> Material for this task:
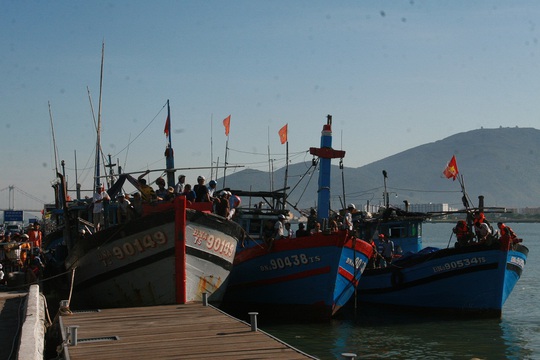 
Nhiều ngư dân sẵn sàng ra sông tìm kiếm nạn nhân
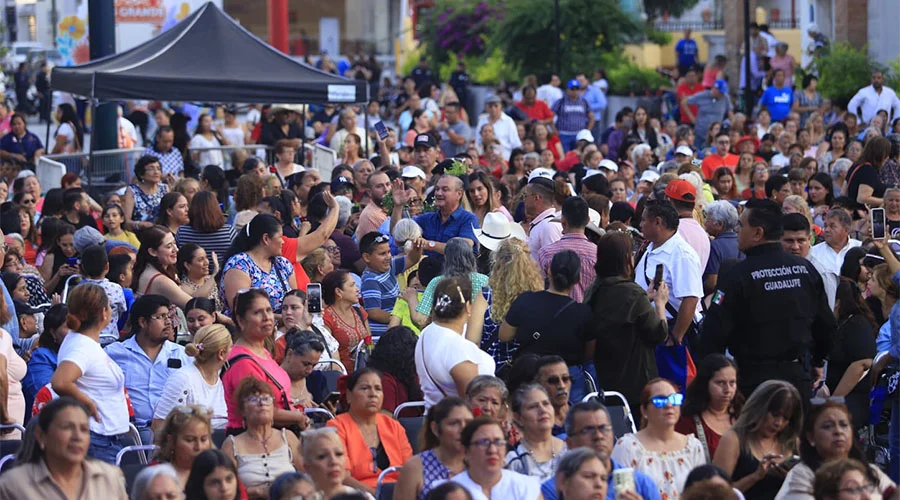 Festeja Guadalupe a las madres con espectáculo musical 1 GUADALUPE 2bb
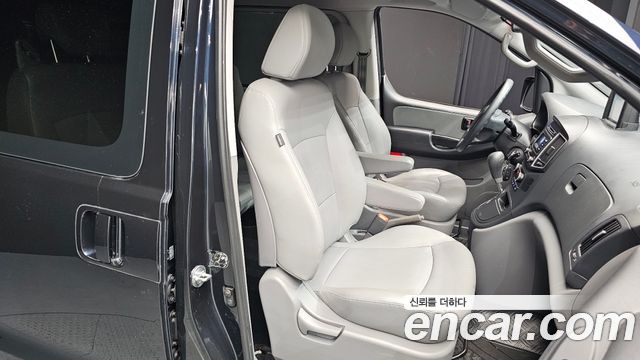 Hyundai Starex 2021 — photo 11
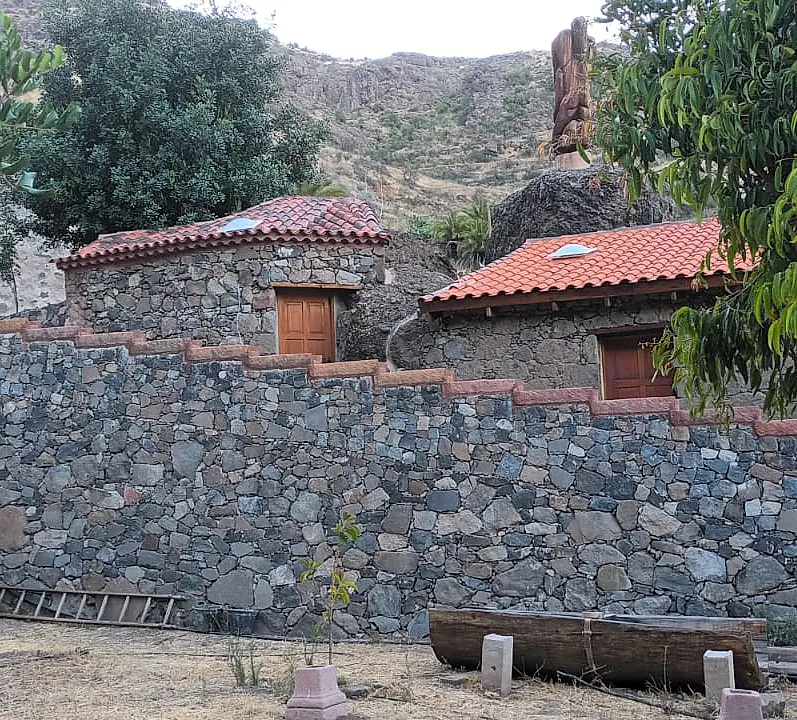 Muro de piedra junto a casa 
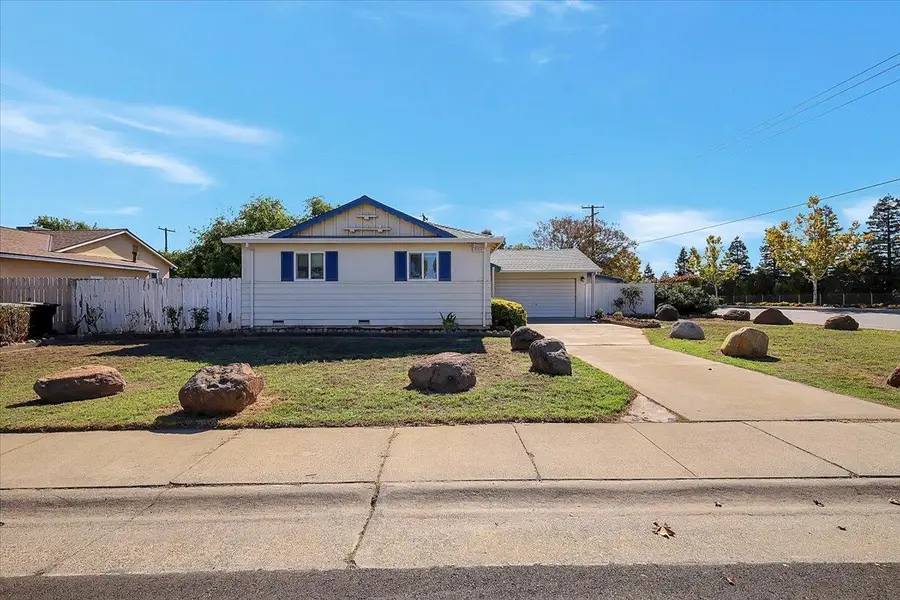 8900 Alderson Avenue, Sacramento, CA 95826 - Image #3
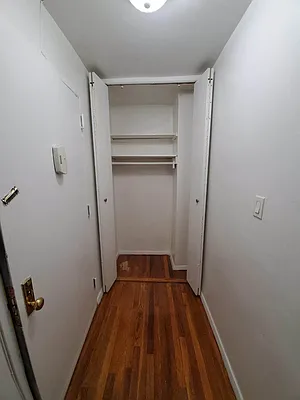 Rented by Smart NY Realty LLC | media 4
* * *
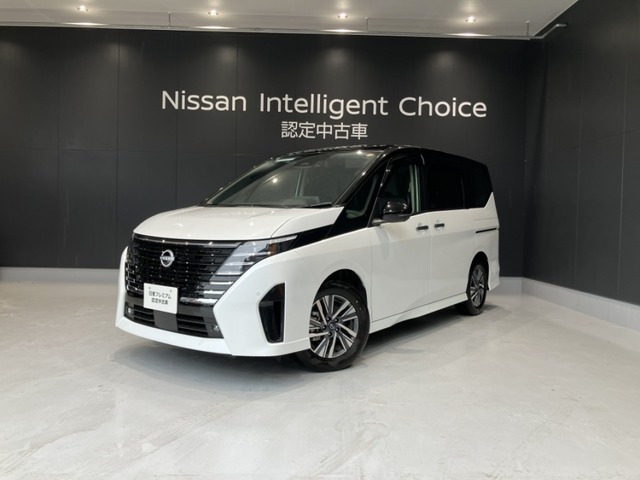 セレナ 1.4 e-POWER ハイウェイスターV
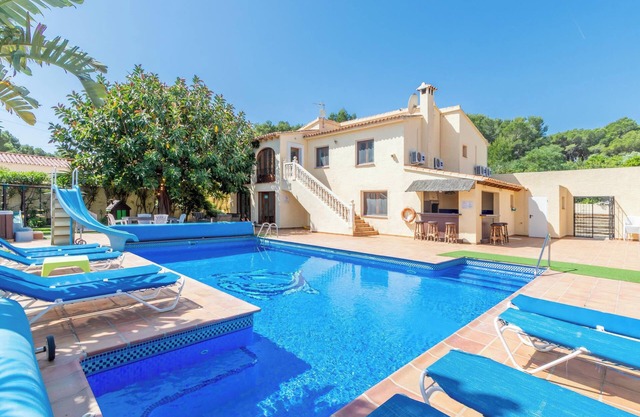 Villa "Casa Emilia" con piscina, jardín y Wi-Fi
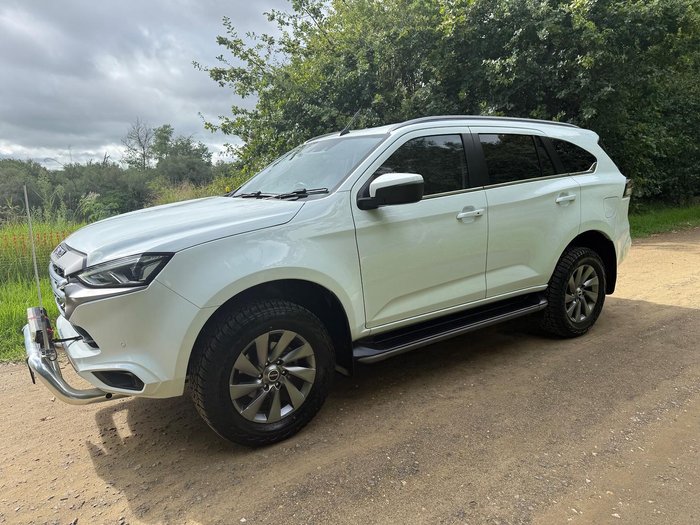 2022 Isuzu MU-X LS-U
--
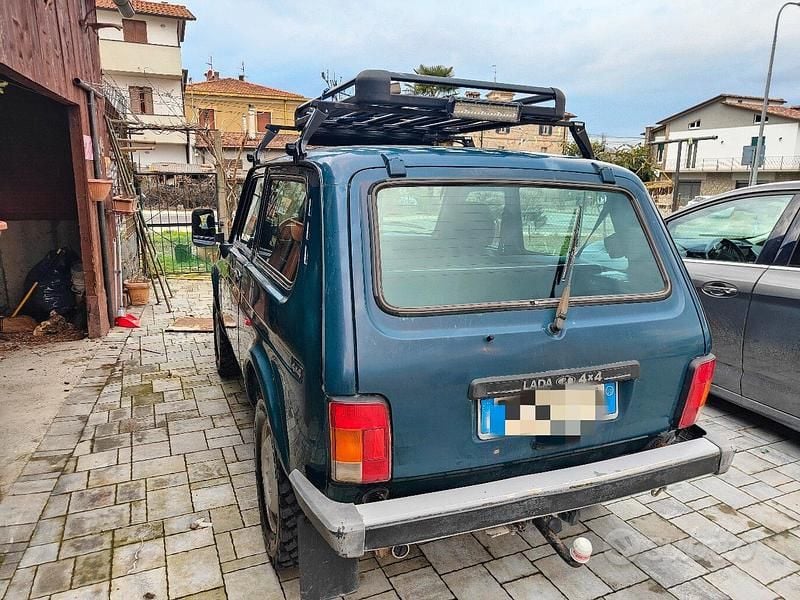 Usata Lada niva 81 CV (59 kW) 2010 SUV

> The task: Look above for the line containing "Festeja Guadalupe a", then write out every line from there down to the line containing "Rented by Smart NY Realty LLC | media 4", that line included, with no pictures.

> Exercise solution:
 Festeja Guadalupe a las madres con espectáculo musical 1 GUADALUPE 2bb
 Hyundai Starex 2021 — photo 11
 Muro de piedra junto a casa 
 8900 Alderson Avenue, Sacramento, CA 95826 - Image #3
 Rented by Smart NY Realty LLC | media 4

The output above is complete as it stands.